Monday, Mar. 10, 1975
Doubting Sweden's Way
Boredom on the job. Blue-collar blues. By any name, the problems of low morale and numbing monotony surrounding production-line work have been of considerable concern in U.S. industry. One alternative often cited by various work reformers is the team-assembly concept pioneered by the Swedish automakers Saab and Volvo, according to which workers in small groups perform rotating tasks rather than installing the same widget on a fast-moving, impersonal line. American sociologists and union and management officials regularly return from tours of such plants favorably impressed. But recently a group of six Detroit engine-plant employees tried the Swedish way by working at a Swedish auto company. Their conclusion: even Scandinavian-style factory work has its drawbacks.
The six Americans, all employees of General Motors, Ford or Chrysler, ranged in age from 21 to 53 and in experience from eight months to 21 years on Detroit assembly lines. They spent four weeks at a Saab engine plant in Sodertaelje, Sweden, under a Cornell University project funded by the Ford Foundation. According to a report completed last week by Robert Goldmann, a Ford Foundation program officer who accompanied the group, the six generally found the physical working environment at Saab better than at home. More work space per person and omnipresent safety officials made the plant less hazardous than those in Detroit. The factory was cleaner, cooler and much better lighted than the typical U.S. auto plant. The Americans also enjoyed the plant's annual St. Lucia Day celebration around Christmastime. Yet the workers came away with serious doubts about the plant's main feature--group work.
At the Saab plant, teams of three or four workers assemble light, four-cylinder car engines at a rate of up to eight per hour. Team members decide among themselves who will work on what part of the engine, and some of the Americans welcomed this change from assembly-line routine. Herman Lommerse, 53, a Cadillac engine-plant worker, felt as if they were "building little toys." But his colleagues found the pace of work unexpectedly fast. Said Joe Rodriquez, 36, a ten-year Ford employee: "If I've got to bust my ass to be meaningful, forget it; I'd rather be monotonous."
One particular peeve shared by all the Americans was the shortness of the lunch break: 24 min. for the 5 a.m. to 2 p.m. shift, and just 18 min. for the 2 p.m. to 11 p.m. shift. Some of the Detroiters felt that after a point, even team assembly could become tedious. In any case, the group questioned whether the techniques used in putting together a small engine at a factory with limited capacity were applicable to the manufacture of heavier engines at million-unit-a-year plants in the U.S.

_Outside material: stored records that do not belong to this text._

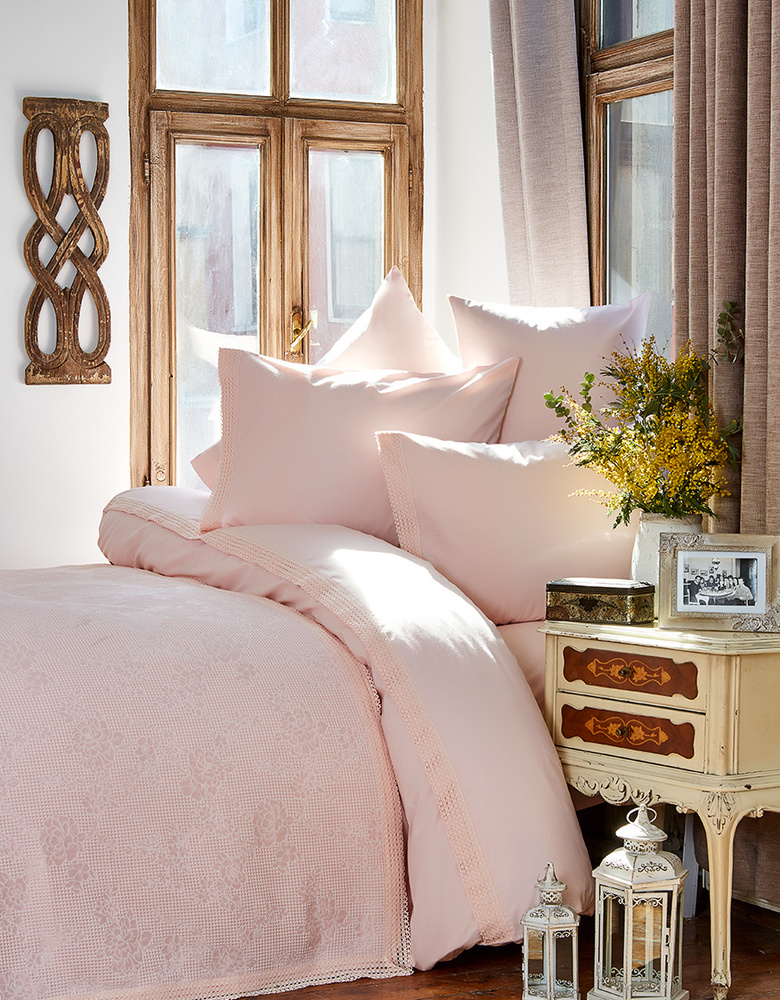 PINK HOUSE　生成　フラワープリン　ノースリーブチュニック　ネモフィラ柄 Karaca Home Monica Rnf Somon Nevresim Pike Takımı | Karaca Home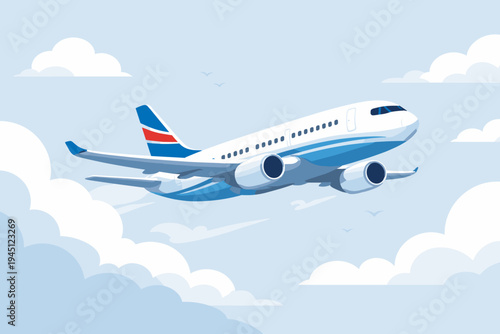 Passenger airplane flying through fluffy white clouds in a bright blue sky, flat vector illustration of a commercial jet airliner in flight, aviation travel and transportation concept design.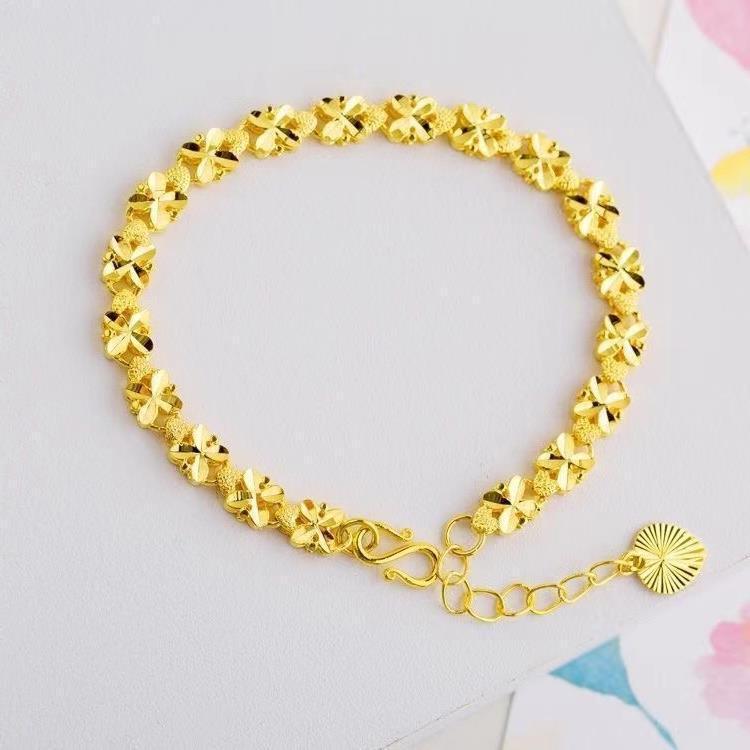 Gold-plated Lucky Clover Gift Love Heart Brass Gold-plated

Regimented System. Working with a team, a few members of the group discovered, required accommodating themselves to the habits of others; they preferred to be responsible only to themselves. Perhaps most significant, the U.S. visitors tended to find the entire Swedish work system far too regimented and, though benevolent, demeaningly paternalistic. Labor unions seemed distant and too close to management. Despite the much touted Swedish system of worker participation in company decisions, the Americans preferred the more informal grass-roots unionism of Detroit.
Part of the Cornell-sponsored group's misgivings about their Swedish experience are traceable to cultural differences. The Americans were annoyed by having to change shifts every week--a Swedish innovation to allow working spouses to take turns with household chores.